# Required work
Every line from the one with "Volkswagen T-Roc R-Line" through the end of the material below, both ends included, should be transcribed exactly, without pictures.

Recorded data below:

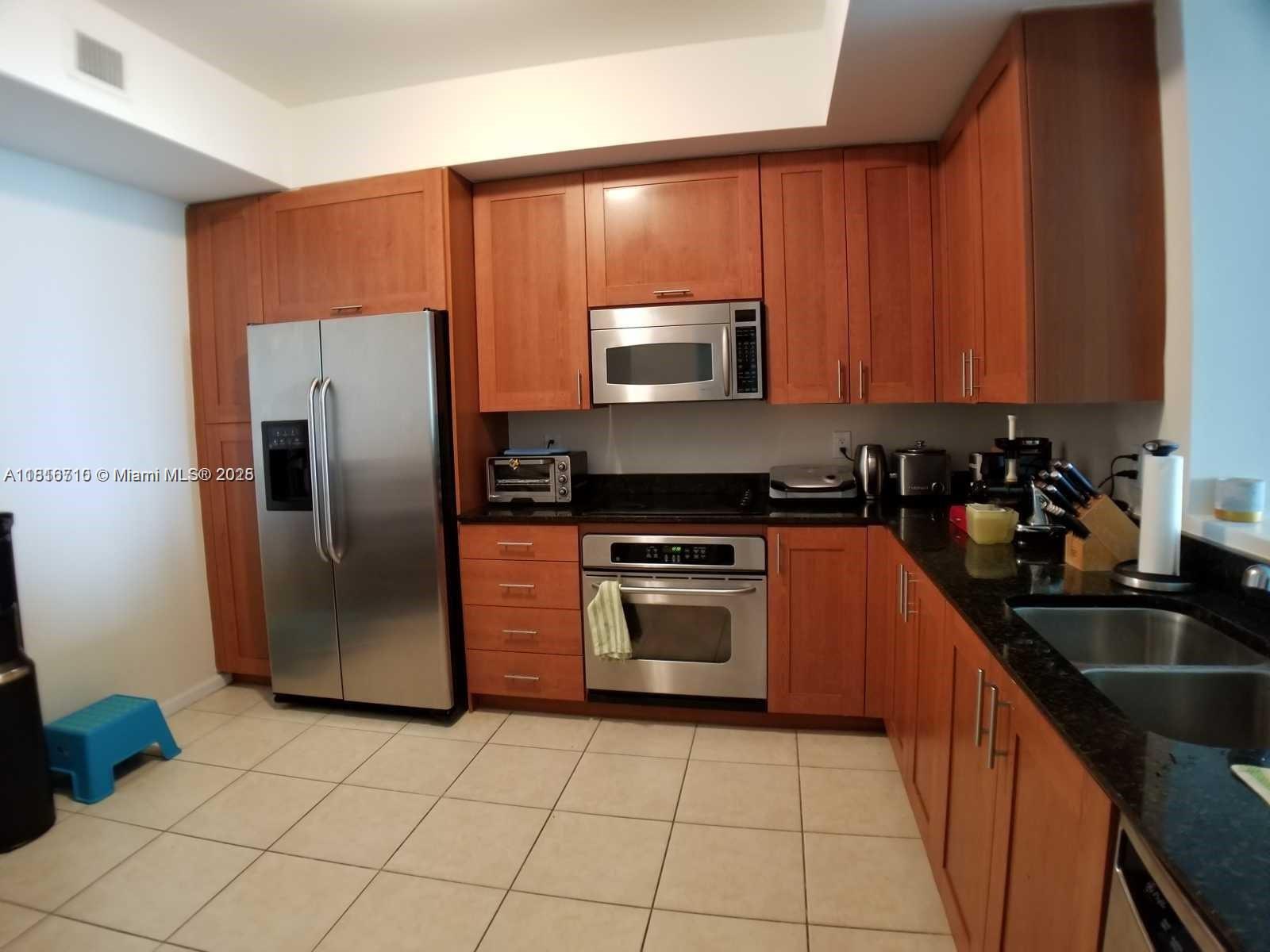 AVENTURA MARINA CONDO NUM - Residential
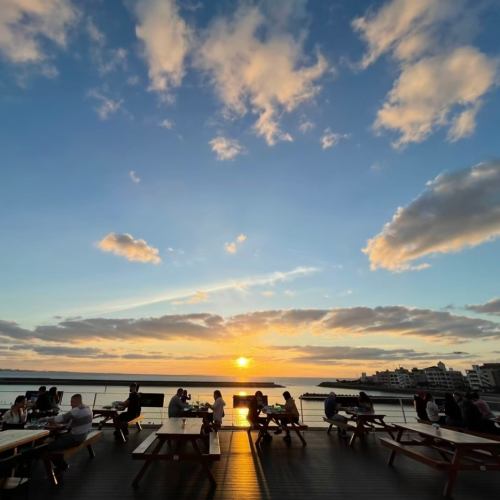 [Store charter / up to 250 people] A party spot with a spectacular view! Have a memorable time Watch the sunset over the sea at our shop and enjoy the spectacular ocean view! Please spend a wonderful and memorable time.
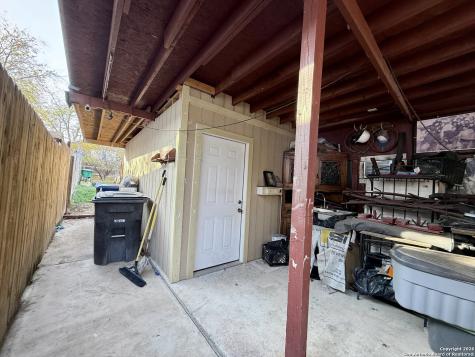 143 Los Arboles San Antonio TX 78214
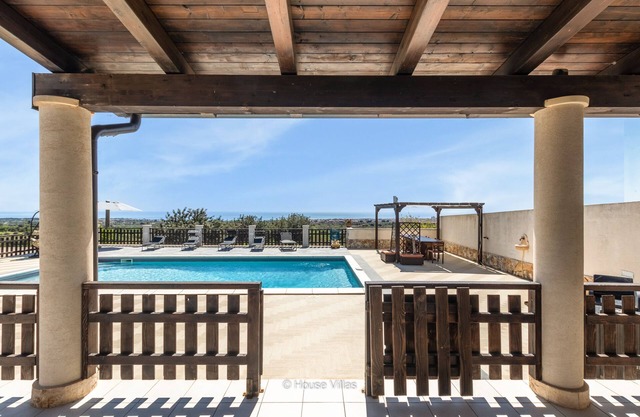Villa Zora - Four Bedroom Villa, Sleeps 9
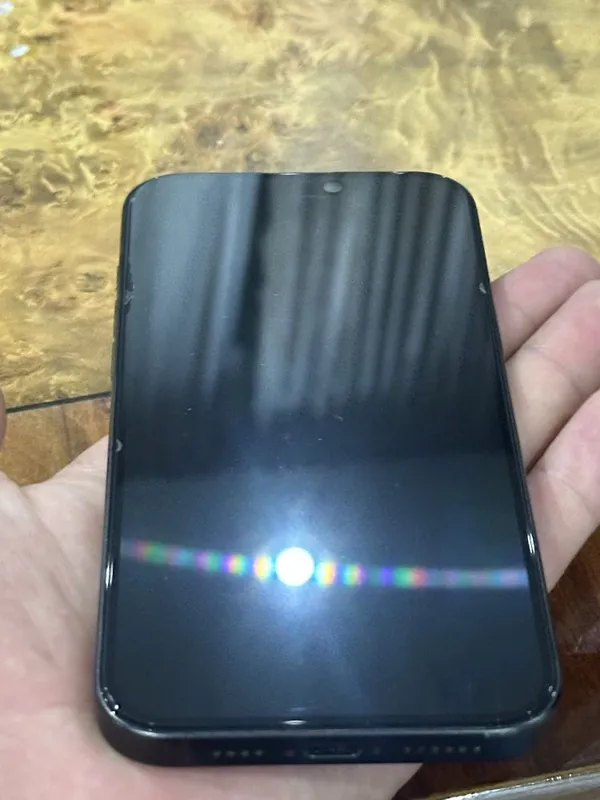 iPhone 16 Pro Max — фото 3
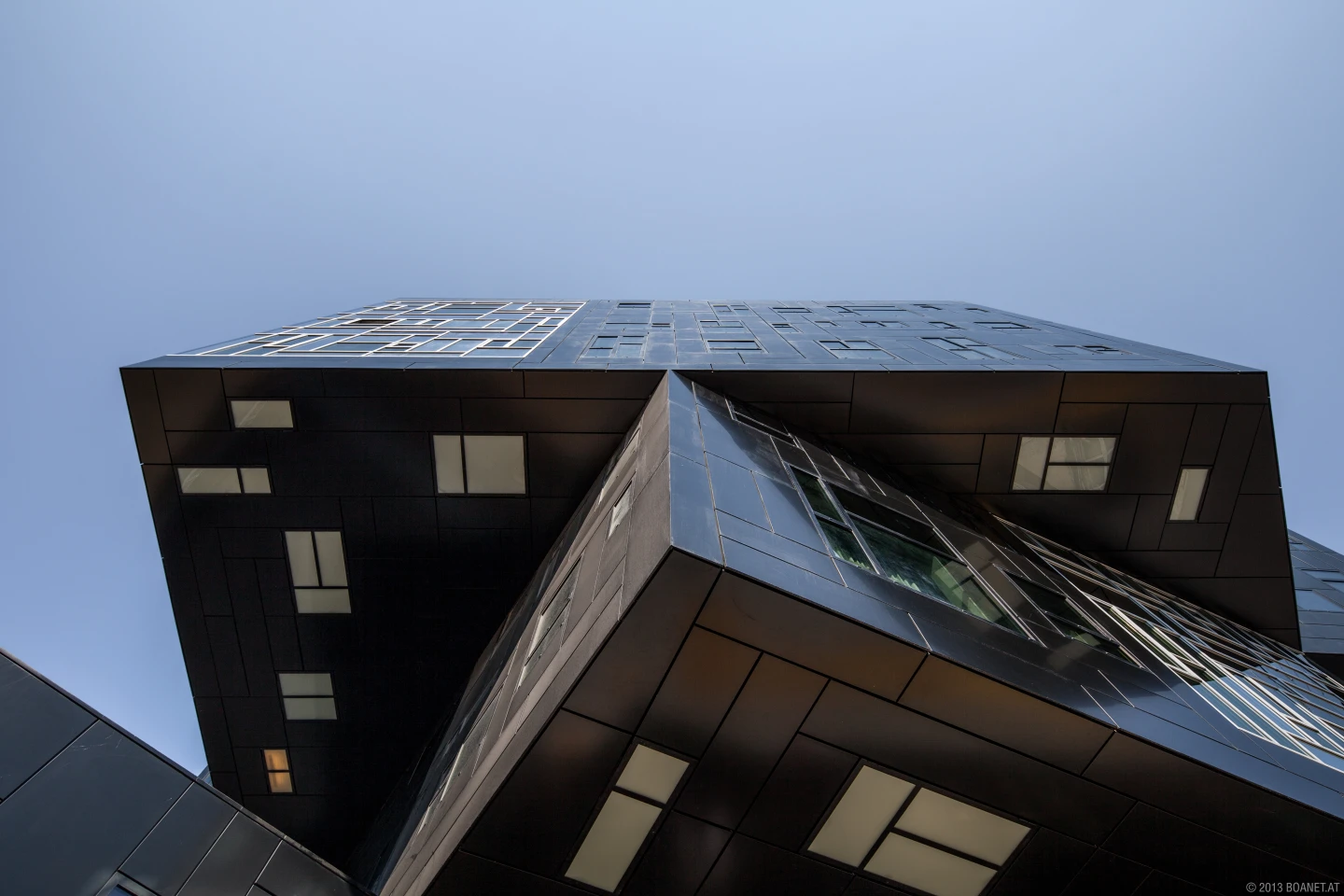 The skewed geometries of the Executive Academy by NO.MAD arquitectos (Image: Campus WU/boanet)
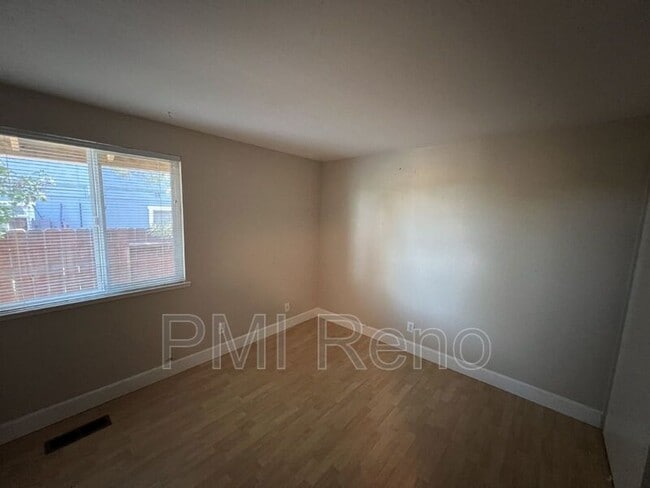 Building Photo - 1400 Canyon Creek Rd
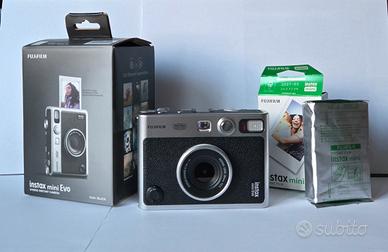 Fujifilm Instax mini Evo COME NUOVA + accessori 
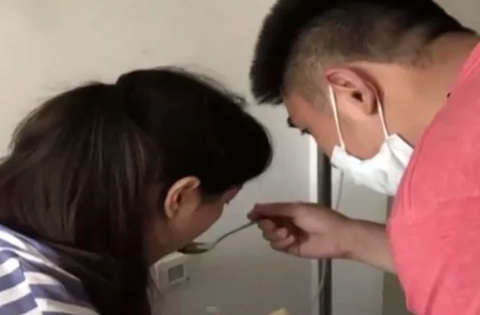 Cô gái 23 tuổi suy thận giai đoạn cuối kết hôn cùng bạn trai cùng phòng bệnh, tái khám kết quả gây bất ngờ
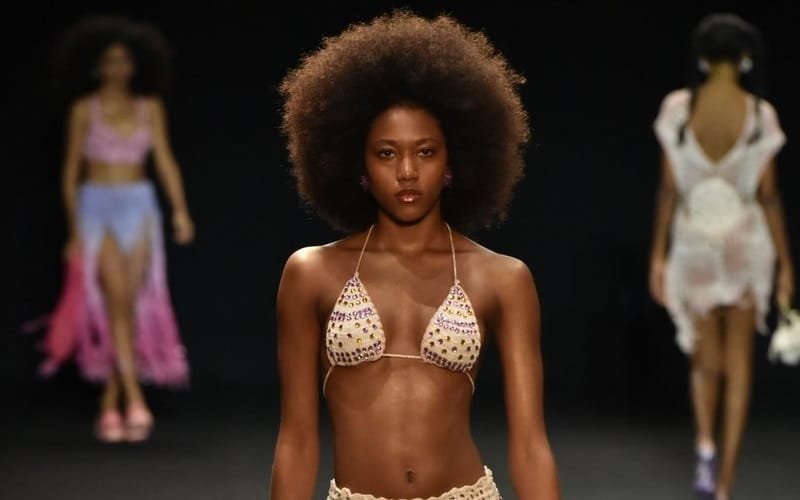 Desfile escolhe a beleza negra entre 57 modelos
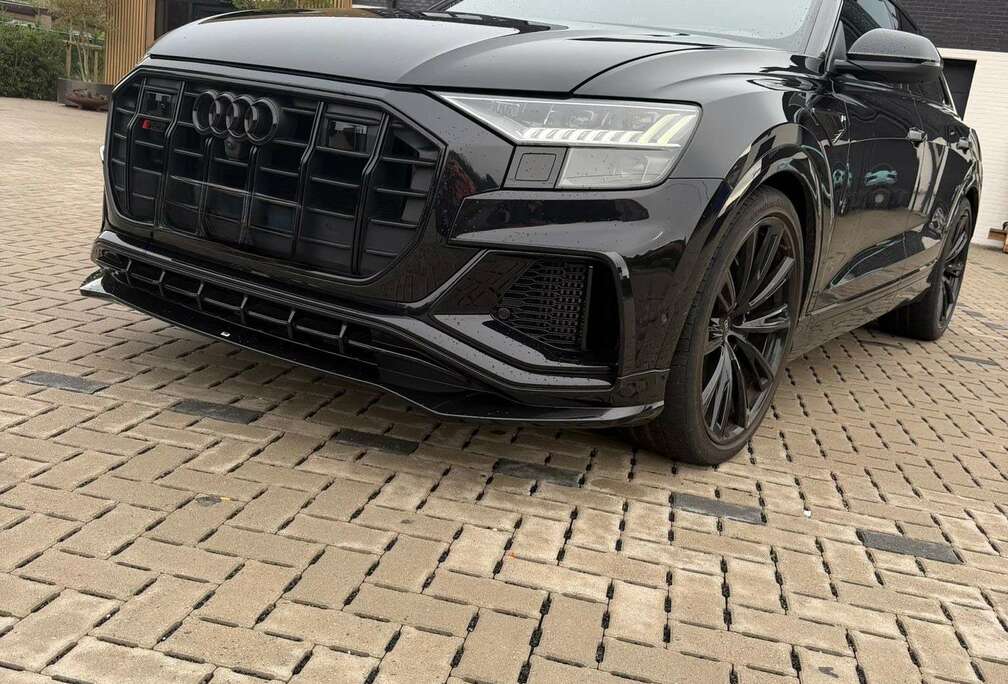 Audi 4.0 TFSI V8 Quattro Tiptronic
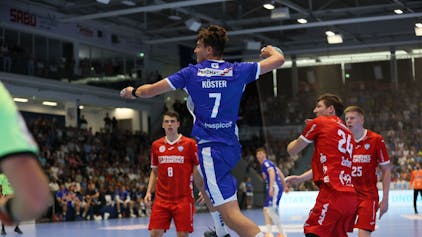 VfL-Handballspieler Julian Köster beim Sprungwurf vor dem gegnerischen Tor.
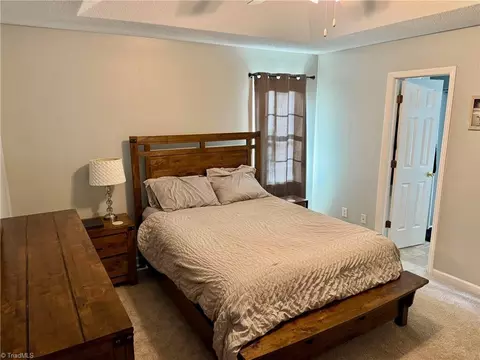 Bedroom - 355 Tanglebrook Trl, Eden, NC 27288 photo 2 of 5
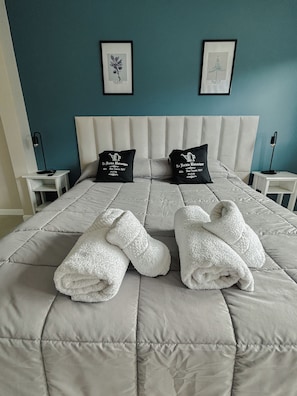 Apartment, 2 Bedrooms, City View (Yehuin 5) | Premium bedding, down duvets, pillow-top beds, individually decorated - Gente del Sur - Yehuin (Ushuaia)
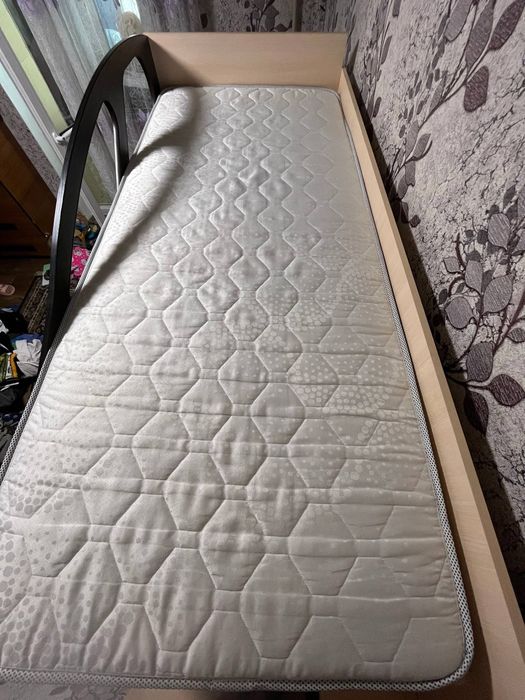 Сучасна двухярусна кровать чердак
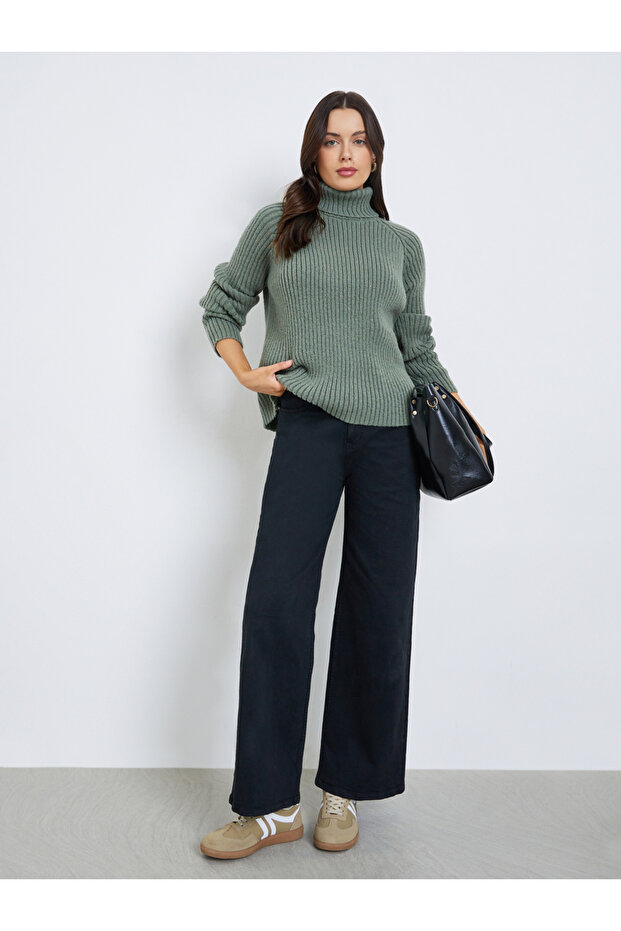 سترة مربعة ذات رقبة مدورة بطول عادي - 2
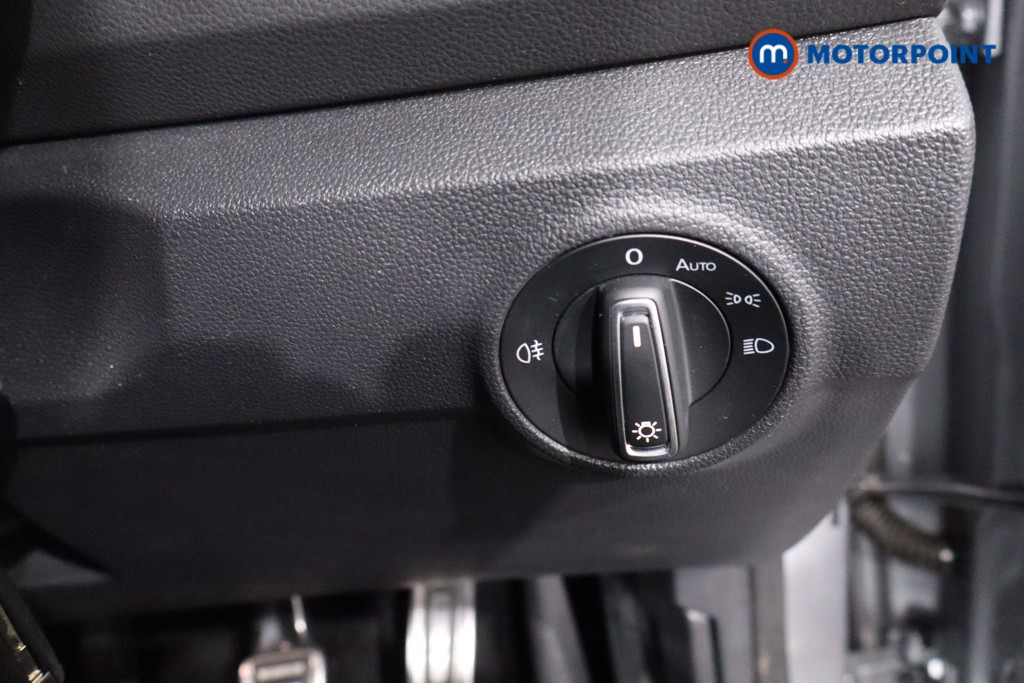 Volkswagen T-Roc R-Line Manual Petrol SUV - Stock Number (1642094) - 18th supplementary image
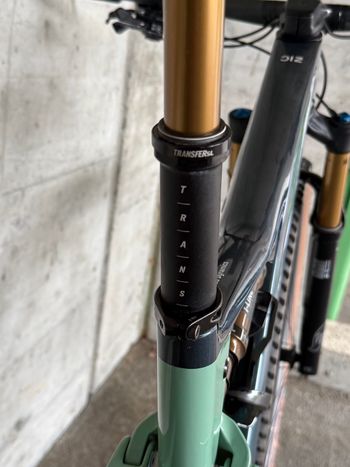 Used Orbea OIZ M-TEAM FACTORY 2025 2025 Mountainbike, Green, 29 — image 4 of 30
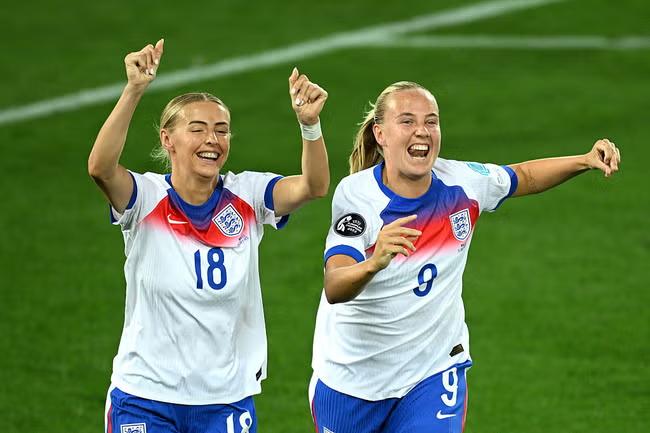 Finger-clicking good: how England stay in harmony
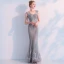 Luxe Gris Transparentes Robe De Soirée 2019 Trompette / Sirène V-Cou Sans Manches Perlage Appliques En Dentelle Train De Balayage Volants Robe De Ceremonie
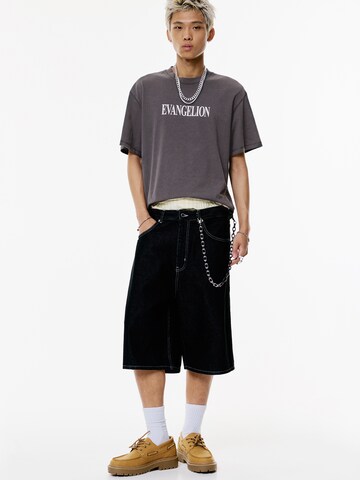 Tricou 'EVANGELION' de la Pull&Bear pe gri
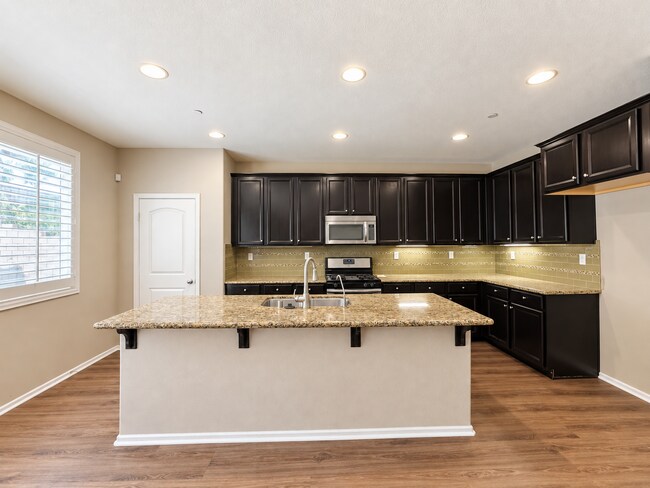 Building Photo - 31029 Branding Iron Ct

End of Recorded data.

# Result for this exercise
 Volkswagen T-Roc R-Line Manual Petrol SUV - Stock Number (1642094) - 18th supplementary image
 Used Orbea OIZ M-TEAM FACTORY 2025 2025 Mountainbike, Green, 29 — image 4 of 30
 Finger-clicking good: how England stay in harmony
 Luxe Gris Transparentes Robe De Soirée 2019 Trompette / Sirène V-Cou Sans Manches Perlage Appliques En Dentelle Train De Balayage Volants Robe De Ceremonie
 Tricou 'EVANGELION' de la Pull&Bear pe gri
 Building Photo - 31029 Branding Iron Ct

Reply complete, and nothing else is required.